Information supplied |
%%

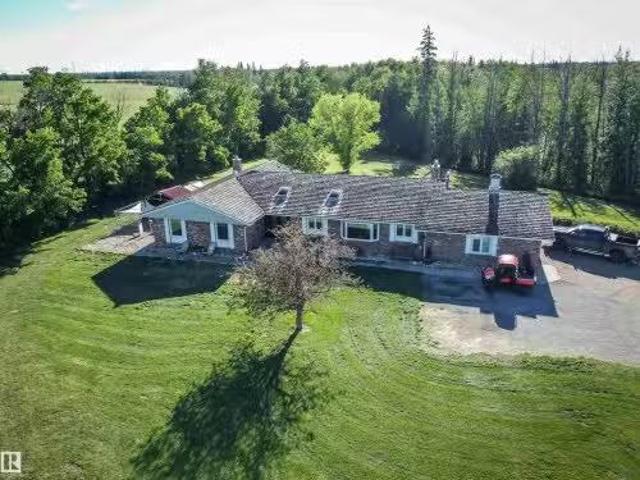 52102 Rge Road 280, Rural Parkland County, AB, T7Z 1Y3 house.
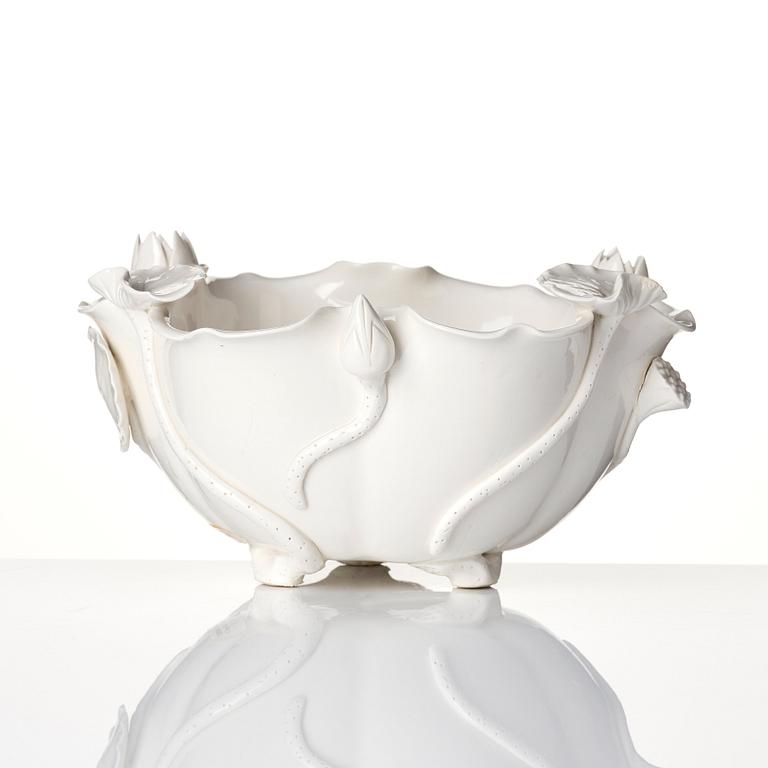 A large dehua/blanc de chine lotus bowl, late Qing dynasty/early 20th century.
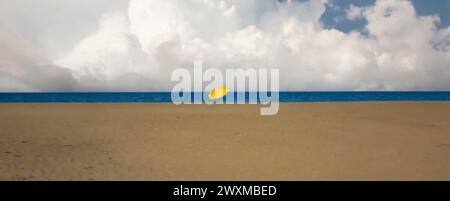 Ein gelber Sonnenschirm steht an einem Strand, dessen helle Farbe sich mit dem blauen Himmel und dem Meer abhebt Stockfoto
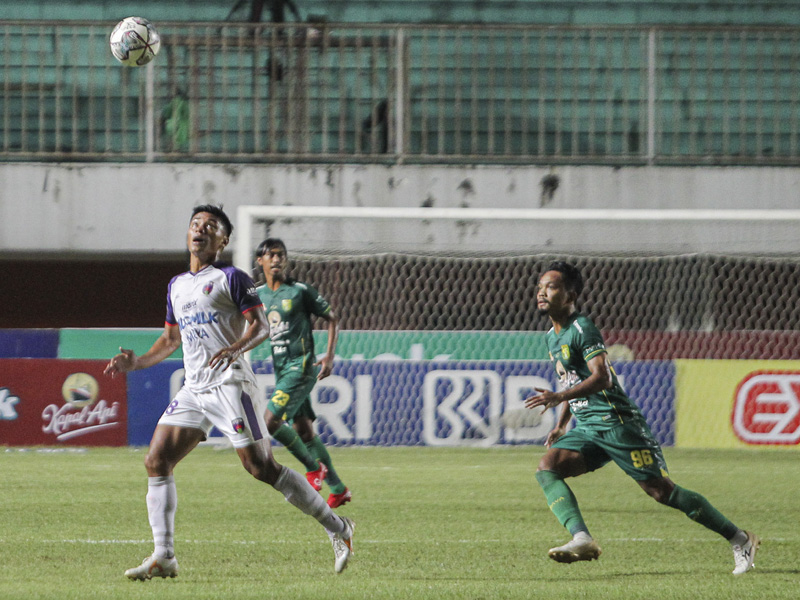 Persebaya Surabaya Kalahkan Persita Tangerang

%%

Exercise |
Drop the pictures; repeat the listing above exactly.

Completed task |
 52102 Rge Road 280, Rural Parkland County, AB, T7Z 1Y3 house.
 A large dehua/blanc de chine lotus bowl, late Qing dynasty/early 20th century.
 Ein gelber Sonnenschirm steht an einem Strand, dessen helle Farbe sich mit dem blauen Himmel und dem Meer abhebt Stockfoto
 Persebaya Surabaya Kalahkan Persita Tangerang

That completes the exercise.